Voilà une soirée très enrichissante qui a beaucoup réfléchir les participants. Si j’ai détaillé les appréciations données par le groupe sur les vins, je n’ai pas indiqué dans le détail la perception des accords, qui est plus difficile à décrire par une seule note, tant les commentaires sont variés. Je retiens quand même trois conclusions principales de ce dîner.


Premièrement, on retrouve dans les commentaires sur les accords et les vins la distinction entre les participants. Certains se concentrent sur les arômes, associant les fruits avec les notes fruitées, d’autres ayant plus tendance à se concentrer sur la richesse en sucre, en acide et sur l’équilibre en bouche. La perception des vins du domaine Deiss est du coup très variable, et les premiers crus du domaine sont probablement déroutant à goûter sans accompagnement. Il reste du travail pour faire découvrir ces vins aux amateurs et leur donner une réputation allant au-delà du succès d’estime. A quand un sommelier qui osera conseiller un « Grasberg » avec tel plat ?

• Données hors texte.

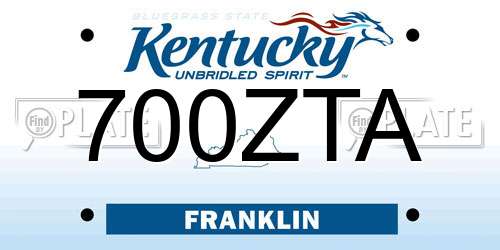 700ZTA Kentucky License Plate
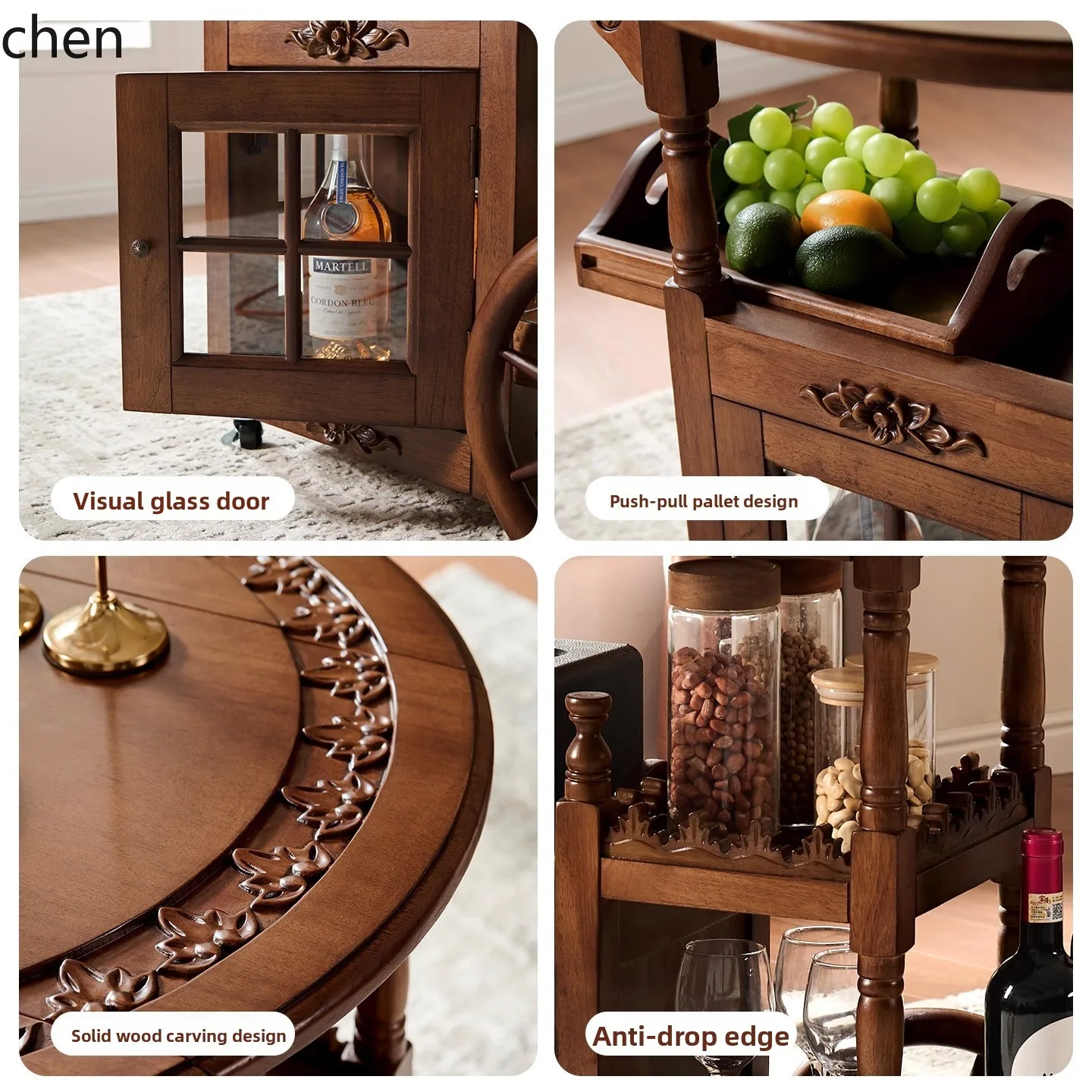 YFY  Solid Wood Dining Cart Vintage Style Movable Small Tea Table Living Room Side Table Small Trolley Table Board Foldable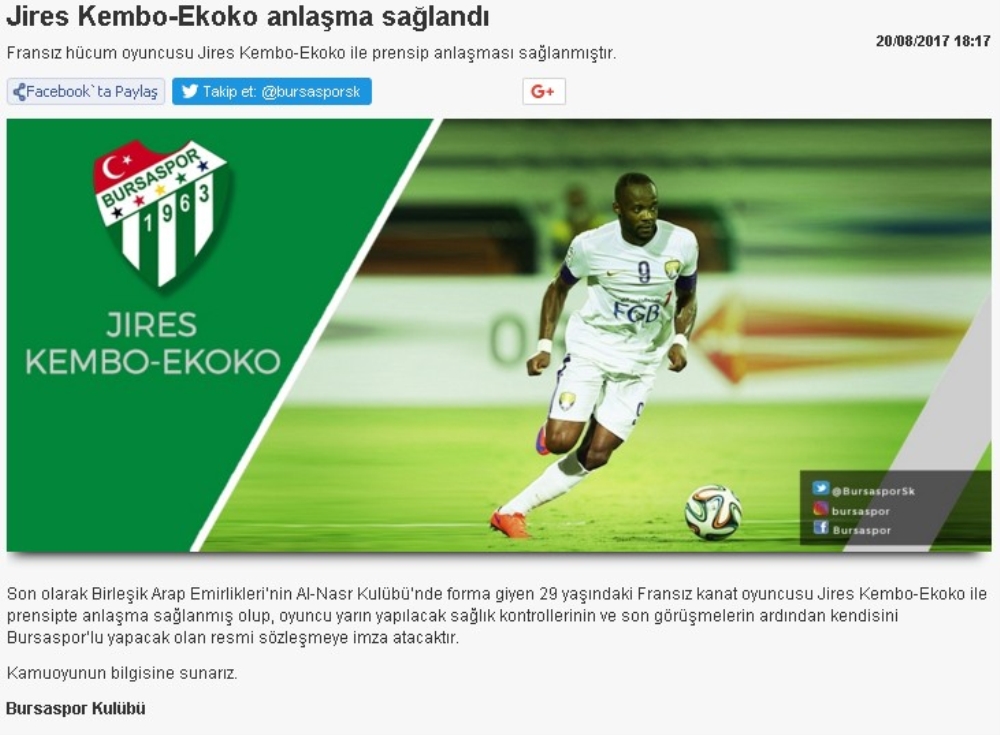 Bursaspor Ekoko’yu açıkladı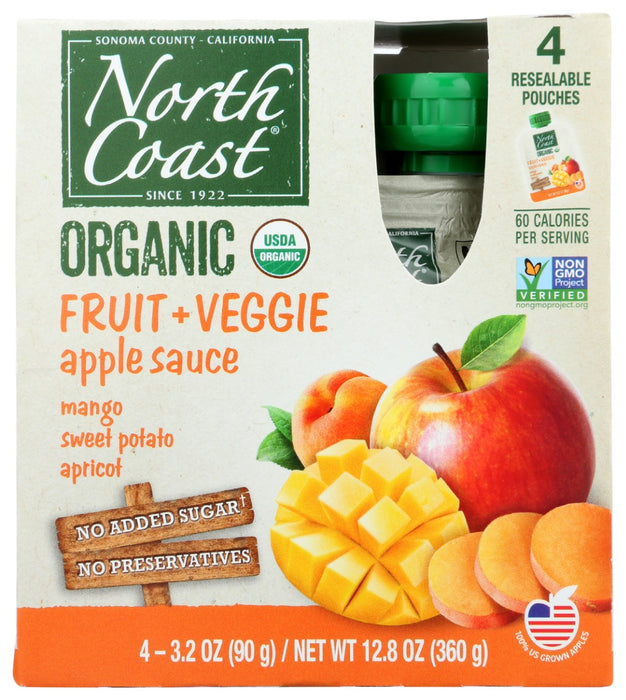 NORTH COAST: Organic Apple Sauce Mango Sweet Potato Apricot Flavor, 4 ea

Ensuite, le repas a été intense en concentration, et une telle succession de vins riches et complets a été épuisante intellectuellement. Un peu comme si nous avions fait un dîner accompagné exclusivement de Grands Crus bourguignons du domaine Leflaive ! Je crois qu’un tel dîner serait plus harmonieux en combinant des vins de cépage (secs et liquoreux) et des vins de terroir, pour créer une variété et limiter la concentration des participants à deux ou trois accords particuliers.


Enfin, le dîner et ses préparations ont souligné la grande complexité des accords mets/vins avec les terroirs alsaciens, complexité mise ici en avant par l’absence de repère variétal pour constituer une base de départ. L’Alsace dispose du plus beau potentiel de terroirs au monde, et pourtant coté accords mets/vins, la totalité des ouvrages consacrés au sujet restent sur une description basée sur le cépage. Un peu comme si un ouvrage consacré aux accords avec des vins bourguignons se contentait de conseille tantôt un chardonnay, tantôt un pinot noir… La complantation force à se concentrer sur l’équilibre et la minéralité des vins, en partant quasiment d’une feuille blanche : poisson, crustacés, viande blanche, fromage, toute la palette des essais est possible dès que le cépage n’impose plus une ligne de départ.